Adaptive clinical trial designs with blinded selection of binary composite endpoints and sample size reassessment (2206.09639v1)

Abstract: For randomized clinical trials where a single, primary, binary endpoint would require unfeasibly large sample sizes, composite endpoints are widely chosen as the primary endpoint. Despite being commonly used, composite endpoints entail challenges in designing and interpreting results. Given that the components may be of different relevance and have different effect sizes, the choice of components must be made carefully. Especially, sample size calculations for composite binary endpoints depend not only on the anticipated effect sizes and event probabilities of the composite components, but also on the correlation between them. However, information on the correlation between endpoints is usually not reported in the literature which can be an obstacle for planning of future sound trial design.
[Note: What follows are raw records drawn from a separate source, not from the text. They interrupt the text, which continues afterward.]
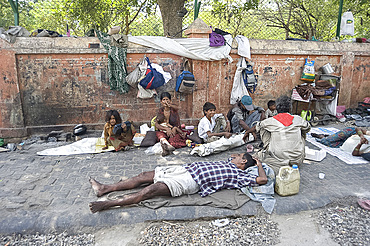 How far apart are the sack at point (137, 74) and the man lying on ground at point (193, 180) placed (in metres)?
3.30

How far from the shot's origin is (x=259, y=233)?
312 cm

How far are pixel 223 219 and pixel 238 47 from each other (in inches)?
198

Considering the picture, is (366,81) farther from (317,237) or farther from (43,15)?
(43,15)

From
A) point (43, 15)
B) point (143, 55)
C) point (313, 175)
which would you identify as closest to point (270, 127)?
point (313, 175)

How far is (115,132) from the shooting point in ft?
18.7

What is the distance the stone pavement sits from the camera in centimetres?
329

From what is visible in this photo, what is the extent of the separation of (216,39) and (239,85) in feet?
4.40

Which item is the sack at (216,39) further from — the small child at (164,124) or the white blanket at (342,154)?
the white blanket at (342,154)

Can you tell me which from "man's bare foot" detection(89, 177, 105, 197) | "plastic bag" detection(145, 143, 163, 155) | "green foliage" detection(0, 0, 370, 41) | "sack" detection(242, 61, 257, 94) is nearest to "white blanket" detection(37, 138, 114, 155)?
"plastic bag" detection(145, 143, 163, 155)

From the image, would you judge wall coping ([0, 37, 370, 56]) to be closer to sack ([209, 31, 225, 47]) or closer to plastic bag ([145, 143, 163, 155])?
sack ([209, 31, 225, 47])

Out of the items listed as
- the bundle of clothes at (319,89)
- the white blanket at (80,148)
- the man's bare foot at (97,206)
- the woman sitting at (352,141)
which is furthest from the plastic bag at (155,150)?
the bundle of clothes at (319,89)

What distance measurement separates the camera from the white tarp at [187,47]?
6.75 m

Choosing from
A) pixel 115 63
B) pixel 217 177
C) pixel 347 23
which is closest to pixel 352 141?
pixel 217 177

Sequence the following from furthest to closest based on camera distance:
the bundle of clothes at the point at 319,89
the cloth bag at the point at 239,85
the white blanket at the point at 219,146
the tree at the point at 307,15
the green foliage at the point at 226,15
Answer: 1. the tree at the point at 307,15
2. the green foliage at the point at 226,15
3. the bundle of clothes at the point at 319,89
4. the cloth bag at the point at 239,85
5. the white blanket at the point at 219,146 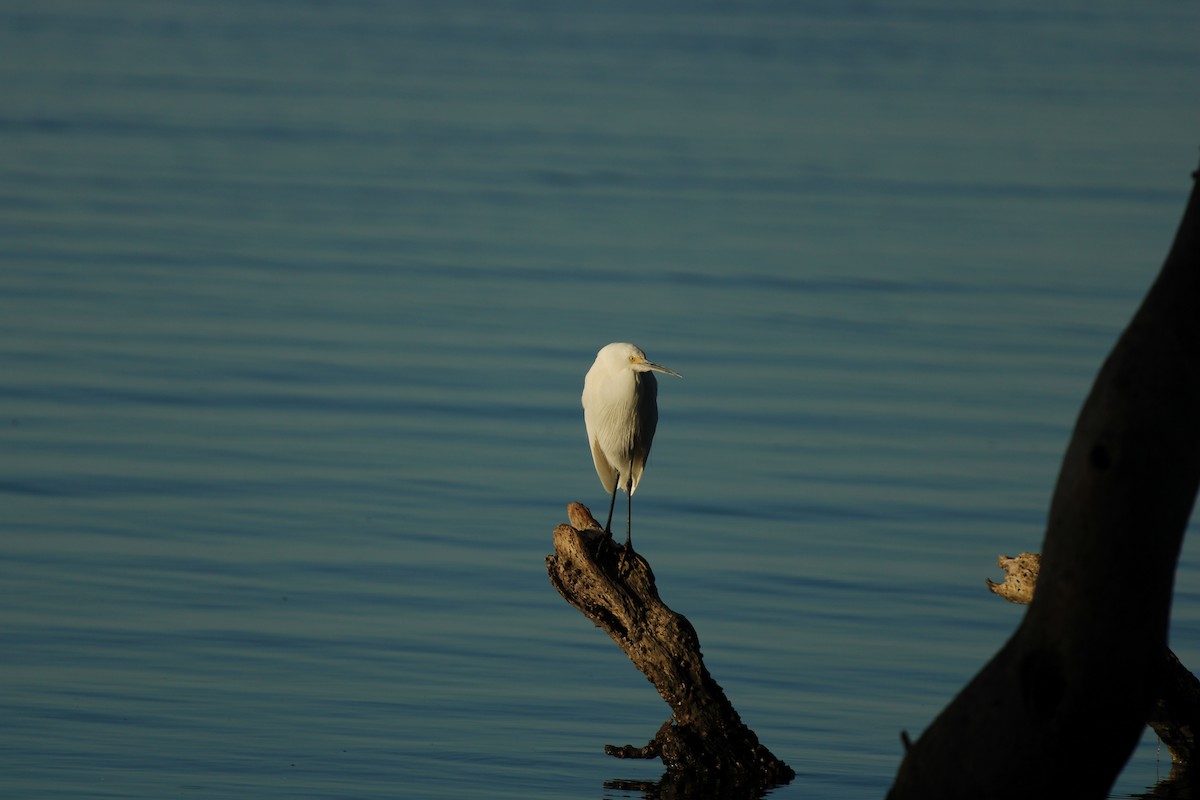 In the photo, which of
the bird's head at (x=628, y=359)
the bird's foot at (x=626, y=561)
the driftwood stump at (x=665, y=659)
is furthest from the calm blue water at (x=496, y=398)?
the bird's head at (x=628, y=359)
We consider two-arm randomized controlled trials with a primary composite binary endpoint and an endpoint that consists only of the clinically more important component of the composite endpoint. We propose a trial design that allows an adaptive modification of the primary endpoint based on blinded information obtained at an interim analysis. We consider a decision rule to select between a composite endpoint and its most relevant component as primary endpoint. The decision rule chooses the endpoint with the lower estimated required sample size. Additionally, the sample size is reassessed using the estimated event probabilities and correlation, and the expected effect sizes of the composite components. We investigate the statistical power and significance level under the proposed design through simulations. We show that the adaptive design is equally or more powerful than designs without adaptive modification on the primary endpoint. The targeted power is achieved even if the correlation is misspecified while maintaining the type 1 error. We illustrated the proposal by means of two case studies.